The respectful exchange stood out in a presidential election season where Republican nominee Donald Trump has nearly trademarked his brash style of ejecting protesters at his rallies.

Showing the divide is more than superficial, the vice president went on in his address to criticize Republican policies that give tax breaks to millionaires at the expense of those in the middle class.

Likening Trump's economic-policy proposals to those that led to the Great Recession, Biden next took aim at the Republican incumbent U.S. senator from Ohio.

Sen. Rob Portman's race against former Ohio Gov. Ted Strickland has become a focal point both for Republicans seeking to retain a Senate majority and Democrats hoping that Trump's low approval numbers will help them retake the control of the Senate.
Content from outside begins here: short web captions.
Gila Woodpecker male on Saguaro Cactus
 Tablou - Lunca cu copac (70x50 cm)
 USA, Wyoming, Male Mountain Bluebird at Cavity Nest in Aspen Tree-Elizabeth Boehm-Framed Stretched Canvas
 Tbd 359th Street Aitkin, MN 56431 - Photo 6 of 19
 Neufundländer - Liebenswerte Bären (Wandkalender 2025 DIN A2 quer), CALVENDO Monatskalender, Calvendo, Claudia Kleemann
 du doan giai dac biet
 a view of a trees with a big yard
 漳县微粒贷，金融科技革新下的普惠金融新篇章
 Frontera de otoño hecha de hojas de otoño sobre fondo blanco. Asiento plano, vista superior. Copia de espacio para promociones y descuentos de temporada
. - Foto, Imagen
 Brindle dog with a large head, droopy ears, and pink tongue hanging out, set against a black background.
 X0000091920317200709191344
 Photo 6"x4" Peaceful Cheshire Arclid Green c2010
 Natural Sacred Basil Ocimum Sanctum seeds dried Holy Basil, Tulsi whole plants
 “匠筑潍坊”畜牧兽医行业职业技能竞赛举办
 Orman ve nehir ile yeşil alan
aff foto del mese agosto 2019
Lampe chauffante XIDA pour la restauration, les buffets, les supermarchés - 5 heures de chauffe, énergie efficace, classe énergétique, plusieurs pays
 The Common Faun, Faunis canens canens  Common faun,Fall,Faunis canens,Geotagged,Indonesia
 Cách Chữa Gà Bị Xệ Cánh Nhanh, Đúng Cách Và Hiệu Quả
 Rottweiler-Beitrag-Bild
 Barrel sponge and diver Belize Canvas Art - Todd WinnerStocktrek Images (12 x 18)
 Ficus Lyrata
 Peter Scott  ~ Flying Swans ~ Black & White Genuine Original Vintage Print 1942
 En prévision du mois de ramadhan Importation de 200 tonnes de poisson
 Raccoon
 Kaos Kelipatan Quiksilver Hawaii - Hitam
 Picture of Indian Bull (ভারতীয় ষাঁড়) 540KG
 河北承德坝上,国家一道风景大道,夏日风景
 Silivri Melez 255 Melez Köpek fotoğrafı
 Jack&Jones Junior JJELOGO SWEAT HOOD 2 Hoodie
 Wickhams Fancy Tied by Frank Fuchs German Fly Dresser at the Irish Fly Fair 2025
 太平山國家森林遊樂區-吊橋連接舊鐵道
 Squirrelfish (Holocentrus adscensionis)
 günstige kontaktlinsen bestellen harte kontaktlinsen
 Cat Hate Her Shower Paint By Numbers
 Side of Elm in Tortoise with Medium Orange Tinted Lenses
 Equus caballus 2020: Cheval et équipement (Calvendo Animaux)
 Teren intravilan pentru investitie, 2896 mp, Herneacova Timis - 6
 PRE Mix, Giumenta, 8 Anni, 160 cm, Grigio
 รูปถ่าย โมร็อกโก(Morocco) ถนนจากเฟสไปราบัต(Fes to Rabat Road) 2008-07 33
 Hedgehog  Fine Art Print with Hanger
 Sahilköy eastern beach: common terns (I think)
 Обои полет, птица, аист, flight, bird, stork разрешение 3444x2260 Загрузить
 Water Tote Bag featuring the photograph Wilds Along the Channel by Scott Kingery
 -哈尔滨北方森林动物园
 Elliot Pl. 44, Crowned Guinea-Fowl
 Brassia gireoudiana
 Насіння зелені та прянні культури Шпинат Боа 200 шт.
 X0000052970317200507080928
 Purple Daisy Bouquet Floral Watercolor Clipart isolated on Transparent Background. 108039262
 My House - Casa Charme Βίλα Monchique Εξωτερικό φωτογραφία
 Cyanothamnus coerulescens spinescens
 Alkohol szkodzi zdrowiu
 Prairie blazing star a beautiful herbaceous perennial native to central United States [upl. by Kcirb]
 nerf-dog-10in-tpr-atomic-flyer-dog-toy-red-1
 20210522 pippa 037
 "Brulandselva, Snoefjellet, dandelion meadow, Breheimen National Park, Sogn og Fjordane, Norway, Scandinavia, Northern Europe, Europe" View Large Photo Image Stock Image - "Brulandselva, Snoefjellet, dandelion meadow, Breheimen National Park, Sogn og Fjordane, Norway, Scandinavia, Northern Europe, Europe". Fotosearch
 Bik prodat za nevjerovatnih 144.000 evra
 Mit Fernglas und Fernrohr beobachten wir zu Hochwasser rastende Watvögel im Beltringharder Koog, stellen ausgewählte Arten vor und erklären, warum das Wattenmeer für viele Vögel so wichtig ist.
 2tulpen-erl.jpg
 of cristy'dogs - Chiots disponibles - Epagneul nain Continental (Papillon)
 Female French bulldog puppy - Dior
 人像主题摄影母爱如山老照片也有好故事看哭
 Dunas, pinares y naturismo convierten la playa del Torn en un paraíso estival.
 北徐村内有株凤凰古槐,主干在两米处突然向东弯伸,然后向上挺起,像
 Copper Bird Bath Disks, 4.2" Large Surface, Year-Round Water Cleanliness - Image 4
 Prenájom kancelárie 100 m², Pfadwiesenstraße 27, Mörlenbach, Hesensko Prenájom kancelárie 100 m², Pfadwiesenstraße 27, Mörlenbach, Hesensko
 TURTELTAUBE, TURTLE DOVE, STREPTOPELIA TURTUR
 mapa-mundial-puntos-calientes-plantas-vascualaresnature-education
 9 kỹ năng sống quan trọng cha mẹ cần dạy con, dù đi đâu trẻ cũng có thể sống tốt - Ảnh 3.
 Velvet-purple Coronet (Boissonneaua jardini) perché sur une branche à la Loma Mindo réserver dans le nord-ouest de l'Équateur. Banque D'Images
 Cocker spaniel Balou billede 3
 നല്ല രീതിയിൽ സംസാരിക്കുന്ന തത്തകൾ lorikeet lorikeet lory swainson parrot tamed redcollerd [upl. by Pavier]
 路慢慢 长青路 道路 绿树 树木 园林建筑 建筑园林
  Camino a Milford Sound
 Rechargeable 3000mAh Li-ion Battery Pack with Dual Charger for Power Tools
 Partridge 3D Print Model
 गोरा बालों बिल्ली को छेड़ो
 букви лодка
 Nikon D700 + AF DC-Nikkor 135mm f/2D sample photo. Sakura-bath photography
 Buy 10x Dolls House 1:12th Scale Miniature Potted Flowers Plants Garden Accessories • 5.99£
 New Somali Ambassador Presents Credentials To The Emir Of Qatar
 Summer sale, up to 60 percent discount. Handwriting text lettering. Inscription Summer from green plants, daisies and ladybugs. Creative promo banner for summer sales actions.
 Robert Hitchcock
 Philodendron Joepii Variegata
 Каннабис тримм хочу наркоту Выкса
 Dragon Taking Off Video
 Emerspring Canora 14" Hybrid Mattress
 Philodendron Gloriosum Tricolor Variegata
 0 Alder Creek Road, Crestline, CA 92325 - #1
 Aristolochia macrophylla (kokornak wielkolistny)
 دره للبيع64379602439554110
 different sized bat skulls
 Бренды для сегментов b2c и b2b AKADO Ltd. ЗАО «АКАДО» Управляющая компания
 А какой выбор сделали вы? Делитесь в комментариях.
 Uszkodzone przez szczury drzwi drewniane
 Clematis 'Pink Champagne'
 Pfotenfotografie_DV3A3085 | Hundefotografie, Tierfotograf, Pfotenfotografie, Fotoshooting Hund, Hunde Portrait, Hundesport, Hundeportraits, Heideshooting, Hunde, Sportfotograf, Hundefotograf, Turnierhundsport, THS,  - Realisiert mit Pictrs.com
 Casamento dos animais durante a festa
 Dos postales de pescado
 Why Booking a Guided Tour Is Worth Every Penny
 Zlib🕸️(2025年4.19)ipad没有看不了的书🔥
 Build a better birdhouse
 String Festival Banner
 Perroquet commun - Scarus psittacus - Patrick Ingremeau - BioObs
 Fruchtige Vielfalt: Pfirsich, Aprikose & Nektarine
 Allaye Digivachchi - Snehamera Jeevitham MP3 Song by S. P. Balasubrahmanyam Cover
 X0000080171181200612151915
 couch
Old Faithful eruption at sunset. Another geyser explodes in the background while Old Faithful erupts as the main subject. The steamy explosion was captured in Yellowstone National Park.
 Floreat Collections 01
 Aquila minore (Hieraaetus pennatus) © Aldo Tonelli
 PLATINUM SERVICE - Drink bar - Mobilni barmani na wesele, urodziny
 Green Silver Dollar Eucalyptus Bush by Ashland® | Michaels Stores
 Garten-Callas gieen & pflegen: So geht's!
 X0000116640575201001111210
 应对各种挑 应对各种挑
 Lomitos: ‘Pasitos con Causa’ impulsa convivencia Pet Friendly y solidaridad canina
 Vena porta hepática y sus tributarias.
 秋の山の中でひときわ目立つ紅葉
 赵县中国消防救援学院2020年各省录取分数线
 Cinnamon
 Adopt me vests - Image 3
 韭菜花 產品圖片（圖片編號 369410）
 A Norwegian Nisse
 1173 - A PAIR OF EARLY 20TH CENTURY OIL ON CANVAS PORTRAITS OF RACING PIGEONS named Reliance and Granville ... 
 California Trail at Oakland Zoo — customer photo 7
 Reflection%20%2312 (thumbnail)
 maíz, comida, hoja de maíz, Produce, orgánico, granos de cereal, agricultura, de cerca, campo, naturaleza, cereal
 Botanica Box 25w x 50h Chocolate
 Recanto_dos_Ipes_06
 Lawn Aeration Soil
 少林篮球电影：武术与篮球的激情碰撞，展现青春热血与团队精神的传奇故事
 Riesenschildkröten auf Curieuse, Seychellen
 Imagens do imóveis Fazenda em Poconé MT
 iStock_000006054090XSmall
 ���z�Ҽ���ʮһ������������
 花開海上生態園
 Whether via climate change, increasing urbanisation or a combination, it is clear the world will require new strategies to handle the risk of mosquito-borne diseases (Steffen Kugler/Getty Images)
At the Republican National Convention in Cleveland earlier this summer, Portman's absence fueled rumors of the party's reluctant embrace of Trump.

Biden urged voters to see through the theatrics.

"Now true, Portman won't stand, I'm told, on the stage with Trump," Biden said. "But these guys are cut from the same cloth in one regard. Rob Portman was the architect of George W. Bush's economic policy."

"Why they hell did we end up in this Great Recession?" Biden asked the crowd. "It happened because of a budget and a philosophy of the Republican party."

Recent polling data collected by Real Clear Politics shows that Portman holds a comfortable lead over Strickland, but Democrats are hoping that Portman's failure to explicitly disavow Trump will open the door for a Strickland victory.

Portman has also sparked criticism joining the Republican Senate's unprecedented stonewalling of President Barack Obama's Supreme Court nominee, Merrick Garland.

In the audience Thursday, retired teacher Mary Ellen Murray praised Clinton's leadership skills and experience, saying they are more important than her likability.

Murray challenged discomfort over Clinton's history in politics. "Well, guess what," the Wadsworth, Ohio, voter said. "We have a democracy that has three branches of government that you have to know and understand."

Clinton's reputation in the world and her global outreach are vital attributes for Murray. "We can't isolate ourselves," she said. "It's not the 1930s."

On the other hand, Jerry Dragon, a retired truck driver from Middleburg Heights and a lifelong Democrat, said he cannot find a reason to vote for Clinton.

"The things that [Donald Trump] has said, I don't agree with," Dragon said. "But the things that Hillary has lied about hurts people."